Things changed, however, after 1935, with the reform of studies at Law faculties in Germany.[730] The reform introduced the antike Rechtsgeschichte as a new course and alternative to Roman legal history course; given the context of widespread hatred towards Roman law in Germany, the new classes were soon preferred to those on Roman legal history, becoming one of the causes of the marginalisation of Roman law teaching in general.

To sum up, Koschaker considered the Historisierung of Roman law studies a problem for two main reasons: first of all, from a scientific perspective, because both the trends of the Historisierung tended to marginalise the essential role of Roman law in the development of European legal history and as a foundation stone of modern private law systems. Secondly, from a more practical perspective and in relation to academic policy, he considered it largely responsible for the decadence of Roman law studies and teaching in Germany.[731]

The two trends represented a new humanism, or a sort of new mos gallicus, according to Koschaker who also named them as neuhumanistische Richtung; as the humanists wanted to study Roman law from a historical perspective, the representatives of the neuhumanistische Richtung attempted to do likewise. Yet whereas the humanists were part of a more general European cultural movement, the scholars of the neuhumanistische Richtung were not privy to any European cultural circles and, on the contrary, they lost the connection that had always existed between the Roman law scholars and the European legal science, thereby isolating themselves from the remainder of jurists.[732] Furthermore, their studies partly dismantled the authority of the Digest, which after many centuries had now begun to be considered as one of the many existing ancient legal sources.

As Koschaker wrote in Die Krise des römischen Rechts, the fallacy of most of the arguments used by the exponents of the ancient mos gallicus, and, a fortiori, its renewed version that appeared in Germany in the latter decades of the 19th century, had been already demonstrated by Riccobono.[733] It was thus imperative to contrast the new detrimental mos gallicus through the Aktualisierung of the methods of the historical school, as Koschaker asserted in Die Krise des römischen Rechts.

Yet Koschaker’s solution appeared to be somewhat different, if one takes into consideration other works and documents that he wrote in 1938 and subsequently, consisting primarily in the proposal to update the methods of the so-called mos Italicus.

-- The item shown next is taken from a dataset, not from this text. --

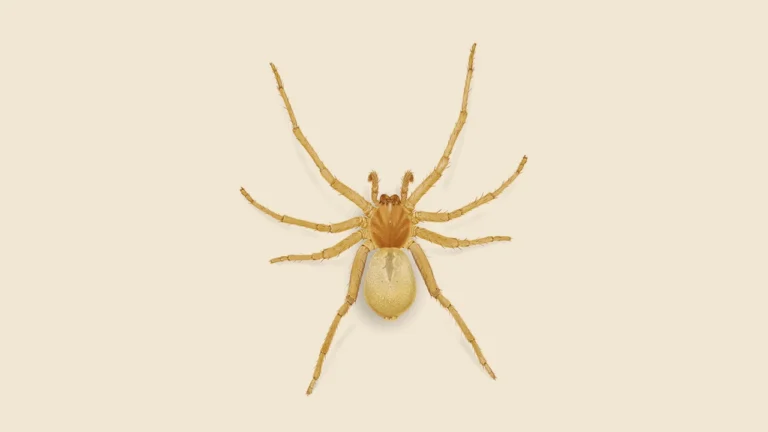 Yellow Sac Spider in Ajax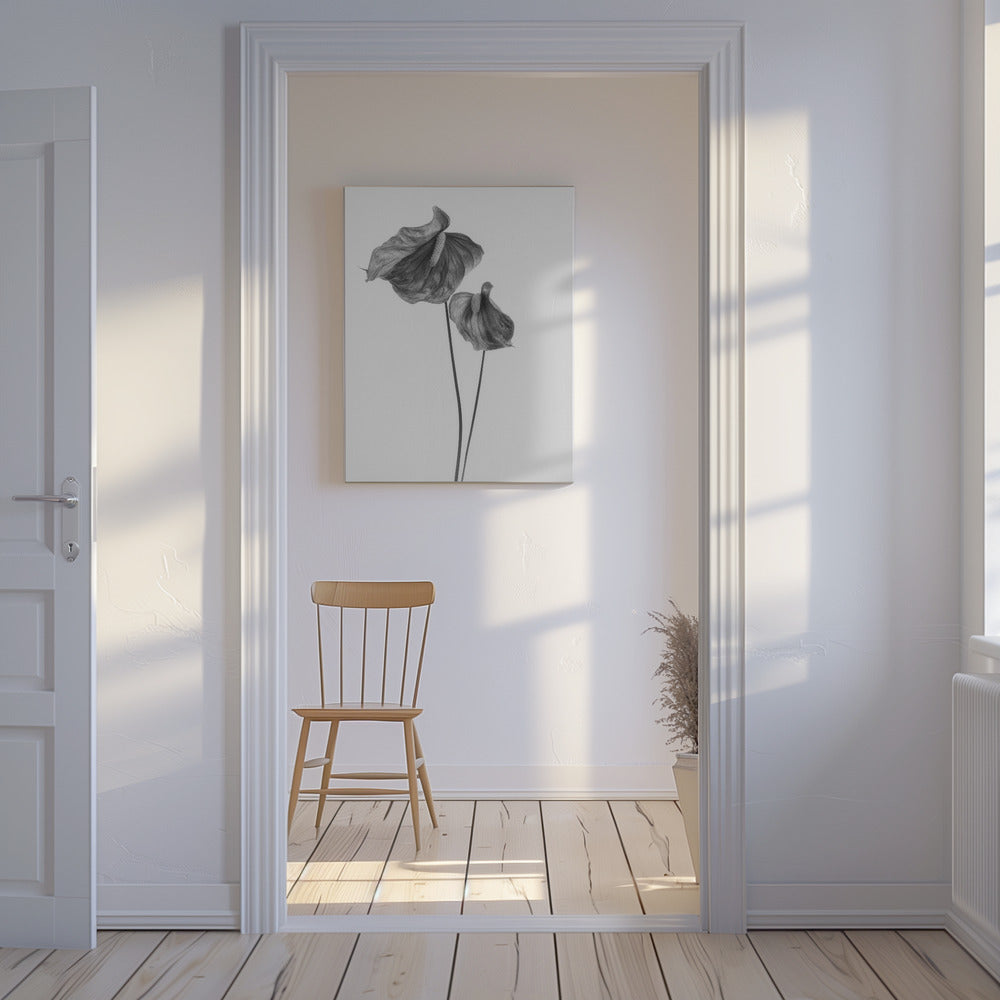 Anthurium | Stampe su Tela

Again inspired by Riccobono, Koschaker explicitly talked of an up-to-date mos Italicus (zeitgemäßer mos Italicus) in his review of a book by Bussi, Laformazione dei dogmi di diritto privato nel diritto commune, which appeared in the Savigny Zeitschrift in 1938[734]. Koschaker’s text offers further proof that his reviews often contained very significant scientific arguments, in which he proffered his own methodological stances and did not limit himself to commenting the works of other scholars. As such, the first three pages of Koschaker’s review could be considered as a sort of scientific manifesto.[735] In the text, he sought to deal with the essential role played by the Commentators in the development of European legal history, once again influenced by Riccobono, as he affirmed.[736] [737] In this case, the Commentators were the representatives of the mos Italicus - of which Riccobono was a devout supporter - and in many cases they succeeded in enhancing the legal concepts (juristische Denkformen) already developed by the Roman jurists. More importantly, however, the Commentators were particularly gifted at systematically depicting the legal system and they were also able to create a systematic legal jurisprudence (eine systematische Rechtswissenschaft) based on the Rechtsdogmatik)50 Accordingly, the Commentators created the basis for the dogmatic elaboration of legal concepts of the pandectists that took place in the 19th century.

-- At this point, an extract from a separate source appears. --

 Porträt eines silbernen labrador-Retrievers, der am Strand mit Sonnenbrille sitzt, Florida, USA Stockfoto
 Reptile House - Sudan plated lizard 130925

The Commentators were jurists and not historians, added Koschaker (indirectly criticising the historical approach to the study of Roman law),[738] and as such, they attempted to elaborate and improve the law of their own time on the basis of the Corpus iuris. According to Koschaker, the Commentators should therefore represent the model for Roman law scholars of his time: as jurists, the latter should be as able as the Commentators in extrapolating what is needed in modern legal science from Roman law sources and then teaching this methodological approach in the Roman law courses at the university.[739] This was the major aim Romanists should pursue and it could be achieved by combining it with the methods of the Historical School.

In this short text, Koschaker succeeded in refining his methodological proposal so that it could become clearer than the idea of an Aktualisierung of the scientific approach of the Historical School. Rather than a modern Pandect-science, he seemed to refer to a renewed mos Italicus. Nonetheless, it was not always easy to define the boundary between Aktualisierung and a contemporary mos Italicus, nor was it easy to fully understand its content. As was mentioned earlier, also due to the lack of clarity in his proposal for a return to the methodology of the Historical School, he met with some criticism among the Roman law scholars; the fact that Koschaker clarified his methodological issues in a review published in the same year as Die Krise des römischen Rechts evidently was not enough to prevent his proposal from receiving some negative remarks (perhaps also given the wider resonance obtained by Die Krise compared to the publication of the review).[740]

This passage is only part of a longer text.